Eco-Roundup: How Oil Companies 'Redwash' Pipelines as Indigenous-Friendly
At the end of every month, I assemble a round-up of stories I’m following and issues I’m covering, with palate cleansers at the end.
I just started as a senior editor for the latest season of investigative journalist Amy Westervelt’s excellent podcast Drilled, and the first few episodes and articles are up. “The Real Free Speech Threat” is focused on the criminalization of land and water defenders globally — a topic I’ve covered for a long time. I was especially excited to see that we were including a story by journalist Geoff Dembicki on “redwashing” in Canada, where oil and gas companies attempt to paint their projects as being led and embraced by Indigenous people.
As Geoff put it, fossil fuel companies are “loudly proclaiming support for Indigenous self-determination while deploying militarized force against protesters who don’t want polluting projects on their territories,” and there’s one think tank in particular that has pushed this strategy: the Macdonald Laurier Institute. It’s part of this global network of right-wing groups, called the Atlas Network, that seeks to advance corporate- and rich people-friendly policies — including silencing climate and environmental activists. (Stay tuned for more on Atlas in later episodes.)

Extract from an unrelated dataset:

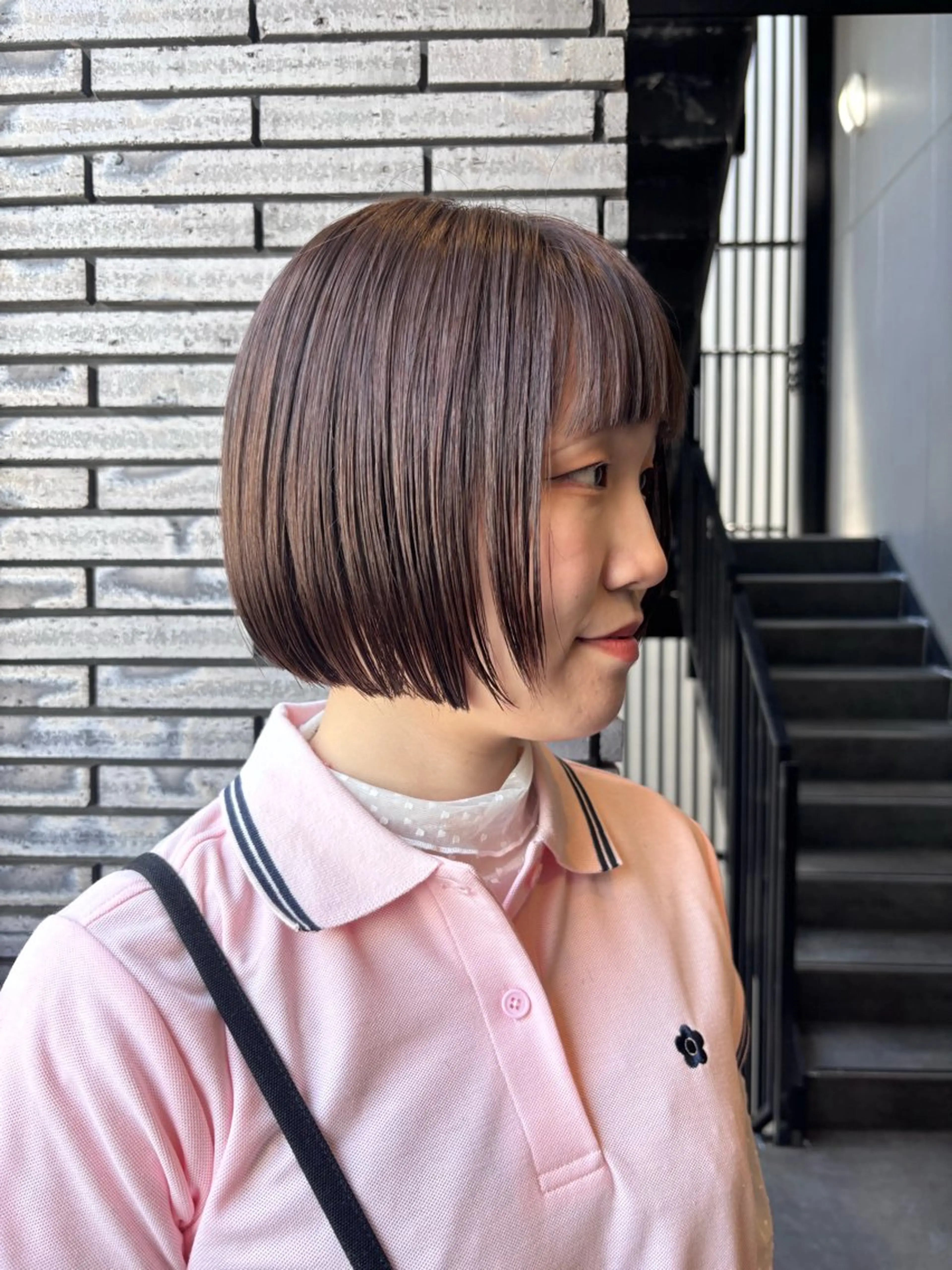 ショート カット ヘアカラー ウシロダ メグミ ／ボブ／透明感カラーのヘアスタイル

The MLI document that really blew my mind was a 2013 white paper by this ex-military guy Douglas Bland, who spends 50+ pages speculating on whether and when a “First Nations insurgency” will occur in Canada. Driving the likelihood of such an insurgency, Bland argues, is “the warrior cohort” —disenfranchised, Indigenous men between the ages of 15 and 29. And at risk is Canada’s network of “critical infrastructure,” particularly railroads and oil pipelines carrying coal, tar sands oil, and other products. To prevent insurgency, Bland recommends a combination of educating the youth (“not because it is the right thing to do but because research demonstrates that young people with a high school diploma and a job are very much less likely to become criminal or political security risks”), providing First Nations a financial stake in industry projects, and increasing the presence of security forces that can threaten deadly force against whoever disrupts transportation infrastructure.
This paper apparently has been around for awhile, but I’d never seen it, and it reminded me so much of the militarized response to the Indigenous-led movement to stop the Dakota Access Pipeline at the Standing Rock reservation in North Dakota, three years after the paper was published.
There are all kinds of things wrong with this paper — not least that the guy repeatedly laments the fact that there’s not an “easy solution,” which seems to mean Indigenous people disappearing or fully assimilating. “Time, however, provides no quick solution to this deformity in our society. First Nations communities are not aging, and they are not about to disappear,” Bland states, continuing, “As the First Nations community grows, social difficulties expand exponentially. The easy resolution of these problems – if there ever were readily available policy options and if these could ever be defined as easy – vanishes over an ever-receding horizon.”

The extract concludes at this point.